Thanks, that is really cool. (quoting my dd)


----------



## zealot (Feb 6, 2006)

It just goes to show that these critters aren't 65 million years old, like the evolutionists say.


----------



## Guest (Dec 9, 2007)

zealot said:


> It just goes to show that these critters aren't 65 million years old, like the evolutionists say.


 One must admit, it's hard to believe that skin and tendons could survive for millions of years.


----------



## Key (Apr 2, 2005)

Thanks for sharing!


----------



## chickenista (Mar 24, 2007)

zealot said:


> It just goes to show that these critters aren't 65 million years old, like the evolutionists say.


Not a mummy like an Egyptian with wrappings etc....
but fossilized in such a way as to preserve the skin, tendons etc...
Similar in nature to the bogmen "mummies" that were preserved by the heavy muds etc.. with their skin and hair and clothing..

no, not dinosaurs wrapped up by man...


----------



## zealot (Feb 6, 2006)

That's not what I meant. I simply was saying that soft tissues don't last like that for millions of years.


----------



## TwoAcresAndAGoat (Jul 19, 2003)

Mummy is a poor word choice for the fossil found.

While they call it a mummy, the 1999 North Dakota dinosaur find is not really a mummy preserved like King Tut was. The dinosaur body has been fossilized into stone.
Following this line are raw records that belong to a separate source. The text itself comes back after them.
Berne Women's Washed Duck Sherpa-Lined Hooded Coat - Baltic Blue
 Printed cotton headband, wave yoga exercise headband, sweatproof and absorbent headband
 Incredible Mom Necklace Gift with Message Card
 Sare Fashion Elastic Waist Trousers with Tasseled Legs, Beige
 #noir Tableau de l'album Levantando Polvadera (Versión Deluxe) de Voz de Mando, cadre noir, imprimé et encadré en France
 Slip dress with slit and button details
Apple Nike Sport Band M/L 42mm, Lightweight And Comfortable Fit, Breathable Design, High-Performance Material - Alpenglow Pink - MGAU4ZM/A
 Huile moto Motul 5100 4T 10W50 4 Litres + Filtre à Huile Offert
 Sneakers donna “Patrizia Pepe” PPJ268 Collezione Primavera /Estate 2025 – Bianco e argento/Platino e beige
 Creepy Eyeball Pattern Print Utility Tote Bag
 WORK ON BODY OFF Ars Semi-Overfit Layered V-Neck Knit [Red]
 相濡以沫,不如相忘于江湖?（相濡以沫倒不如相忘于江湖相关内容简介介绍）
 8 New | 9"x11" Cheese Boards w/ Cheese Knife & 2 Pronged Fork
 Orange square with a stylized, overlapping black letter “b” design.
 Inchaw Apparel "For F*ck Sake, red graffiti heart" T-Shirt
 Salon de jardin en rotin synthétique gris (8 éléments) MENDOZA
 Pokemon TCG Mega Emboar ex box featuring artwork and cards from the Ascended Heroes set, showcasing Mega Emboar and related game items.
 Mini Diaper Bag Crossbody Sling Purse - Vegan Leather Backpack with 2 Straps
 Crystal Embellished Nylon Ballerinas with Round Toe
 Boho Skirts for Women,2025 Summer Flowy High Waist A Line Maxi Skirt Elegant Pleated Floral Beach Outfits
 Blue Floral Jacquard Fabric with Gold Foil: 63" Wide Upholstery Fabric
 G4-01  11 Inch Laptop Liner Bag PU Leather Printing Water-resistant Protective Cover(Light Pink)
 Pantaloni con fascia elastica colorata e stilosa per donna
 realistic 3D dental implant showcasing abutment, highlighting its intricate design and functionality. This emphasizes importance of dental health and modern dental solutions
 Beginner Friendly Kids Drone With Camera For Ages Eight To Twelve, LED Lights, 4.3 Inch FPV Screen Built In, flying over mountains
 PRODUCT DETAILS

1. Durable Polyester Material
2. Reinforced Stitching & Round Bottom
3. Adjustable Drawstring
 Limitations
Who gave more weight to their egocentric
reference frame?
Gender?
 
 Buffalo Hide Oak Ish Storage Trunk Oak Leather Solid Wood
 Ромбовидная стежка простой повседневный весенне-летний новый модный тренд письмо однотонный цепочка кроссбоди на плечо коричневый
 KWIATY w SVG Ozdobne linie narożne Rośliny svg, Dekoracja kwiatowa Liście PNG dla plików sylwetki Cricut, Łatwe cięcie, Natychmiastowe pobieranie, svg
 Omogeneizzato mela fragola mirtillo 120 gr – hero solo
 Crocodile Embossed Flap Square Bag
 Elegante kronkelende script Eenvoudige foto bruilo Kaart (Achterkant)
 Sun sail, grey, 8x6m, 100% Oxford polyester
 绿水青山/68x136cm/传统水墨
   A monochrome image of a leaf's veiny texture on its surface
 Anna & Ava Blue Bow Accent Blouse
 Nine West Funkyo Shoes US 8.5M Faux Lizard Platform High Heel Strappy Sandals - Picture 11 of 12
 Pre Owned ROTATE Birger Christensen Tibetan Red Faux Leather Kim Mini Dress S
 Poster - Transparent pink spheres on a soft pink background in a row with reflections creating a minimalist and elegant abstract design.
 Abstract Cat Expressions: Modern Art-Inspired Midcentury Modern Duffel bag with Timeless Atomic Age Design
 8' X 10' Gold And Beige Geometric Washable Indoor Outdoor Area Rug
Soft parts of dead animals normally decompose rapidly after death. Because of chemical conditions where this animal died, fossilization -- replacement of tissues by minerals -- took place faster than the decomposition, leaving mineralized portions of the tissue.

http://dsc.discovery.com/news/2007/12/03/dinosaur-mummy-run.html?dcitc=w19-506-ak-0003


----------



## hillsidedigger (Sep 19, 2006)

Its just goes to show that under the right conditions skin and tendons might be preserved for 65 million years or more.


----------



## DaleK (Sep 23, 2004)

hillsidedigger said:


> Its just goes to show that under the right conditions skin and tendons might be preserved for 65 million years or more.


Thought Keith Richards was already proof of that?


----------



## Oggie (May 29, 2003)

hillsidedigger said:


> Its just goes to show that under the right conditions skin and tendons might be preserved for 65 million years or more.


Wouldn't that be the imprint or form of such tissue and not the actual tissues themselves?


----------



## Ernie (Jul 22, 2007)

Think of it like petrified wood. The cellulose and lignin is replaced by hard insoluble minerals and the whole thing turns to stone. 

However, this find proves nothing in any argument. It's just an interesting specimen. For either side of the debate to use it is flimsy science at best.


----------